LD&C Special Publication No. 14: A Descriptive Grammar of Shilluk

Permanent URI for this collection


Recent Submissions

Now showing 1 - 5 of 7
  • Item
    Chapter 5: The noun phrase in Shilluk
    ( 2021-07-05) Remijsen, Bert ; Ayoker, Otto Gwado
    This chapter presents a descriptive analysis of the noun phrase in Shilluk, surveying the variety of modifiers that combine with a nominal head. For the sake of accountability, 270 sound clips are embedded, many of them drawn from spontaneous speech. The set of noun-phrase modifiers includes possessors, adjectives, verbs, non-possessor nouns, quantifiers (including numerals), determiners, and a diminuitive. Of all of these modifiers, the diminuitive is the only one that preceeds the head. This fits with the interpretation that the diminuitive represents an instance of grammaticalization, which developed out of a possessive noun phrase construction. Of particular interest in relation to the numeral system is the fact that, for numbers below 10, the cardinal is morphologically derived on the basis of the ordinal, rather than the way around. Also, in noun phrases modified by a verbal predicate, we find past tense marking on the modification marker. Noun phrases are conjoined in an asymmetric manner, with the non-initial noun phrase representing a prepositional phrase. We also describe vocatives and associative plurals, both of which involve morphological marking at the right edge of the noun phrase. As such, they stand out in the context of Shilluk morphology, which is primarily head-marking in nature.
  • Item
    Chapter 4: A descriptive analysis of adjectives in Shilluk
    ( 2020-12-05) Remijsen, Bert ; Ayoker, Otto Gwado
    We argue that Shilluk has adjectives as a lexical category distinct from both nouns and verbs, and present a descriptive analysis of their morphological and syntactic properties.

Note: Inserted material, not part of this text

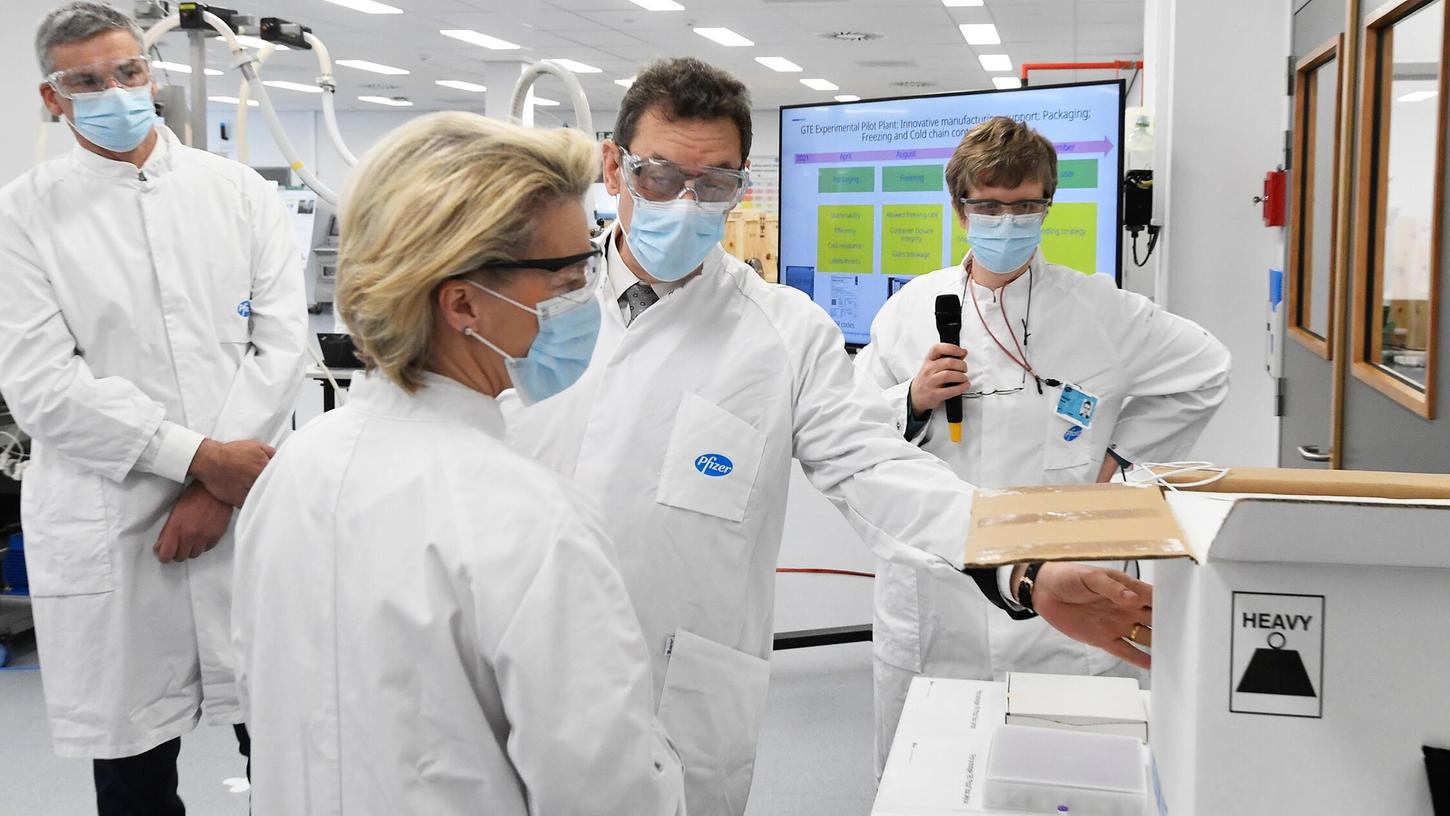 ARCHIV - 23.04.2021, Belgien, Puurs: Ursula von der Leyen (2.v.l), Präsidentin der Europäischen Kommission, spricht bei einem Besuch beim Pharmaunternehmen Pfizer mit Albert Bourla (M), Geschäftsführer von Pfizer. (Symbolbild) ARCHIV - 23.04.2021, Belgien, Puurs: Ursula von der Leyen (2.v.l), Präsidentin der Europäischen Kommission, spricht bei einem Besuch beim Pharmaunternehmen Pfizer mit Albert Bourla (M), Geschäftsführer von Pfizer. (Symbolbild)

Aside from the base form, the inflectional paradigms of adjectives present two other forms, neither of which are productive. One is the contingent form, which has not been postulated in earlier work. This inflection is used when the attribute is referenced non- permanently, to a limited degree, or subjectively. The other is the plural form, which is available for seven adjectives only. Derivational morphology includes an essence nominalization and an intransitive verb derivation. When adjectives are used as predicates, there is no copula, nor any morphological marking of the syntactic juncture. In contrast, when adjectives are used as modifiers, their status as such is signposted by three different morphosyntactic structures. The choice between these three structures is determined by definiteness and semantic specificity.
  • Item
    Chapter 3: Forms and functions of the associated-motion derivations of Shilluk transitive verbs
    ( 2020-01-13) Remijsen, Bert ; Ayoker, Otto Gwado
    The base paradigm of Shilluk transitive verbs includes inflectional marking for voice, subject, and tense-aspect-modality. This paradigm is described in Chapter 1. In addition to this base paradigm, however, transitive verbs present up to six derived paradigms: iterative, benefactive, ambitransitive, antipassive, and, depending on the ATR value of the root vowel, either one or two derivations that mark associated motion. Each of these six derivations presents its own set of forms marked for voice, subject, and tense-aspect-modality. The current chapter presents a descriptive analysis of the two derivations that mark associated motion. Apart from the patterns of morphological exponence, we also describe the morphosyntactic characteristics that are associated with these derivations. As in the earlier chapters, sound examples are embedded to make the phenomena accessible and the analysis accountable.
  • Item
    Chapter 2: Inflectional morphology and number marking in Shilluk nouns
    ( 2019-09-05) Remijsen, Bert ; Ayoker, Otto Gwado
    This chapter offers a descriptive analysis of two topics in the morphology of Shilluk nouns: the inflectional paradigm, and number marking. Aside from the base form, the inflectional paradigm includes the following four forms: a) pertensive with singular possessor; b) pertensive with plural possessor; c) construct state; and d) proximal demonstrative. All of these can be interpreted as instances of head marking, which is characteristic of Shilluk morphosyntax in general (cf. Chapter 1). Following a description of the morphosyntactic functions of the base form and the four inflections, we describe in detail the patterns of morphophonological exponence through which the inflections are expressed. This pattern of exponence includes vowel length, tone, nasalisation, floating quantity, and suffixation. Floating quantity is of particular note: this marker has not been postulated in earlier work. Overall, we find that the inflectional paradigm is largely productive and regular. In contrast, the morphological marking for number is neither regular nor productive, and this is why we do not consider it to be part of the inflectional paradigm. The newly discovered marker of floating quantity supports Gilley’s (1992) tripartite analysis of number marking for Shilluk. For the sake of clarity and accountability, sound examples are embedded in relation to each of the numbered illustrations.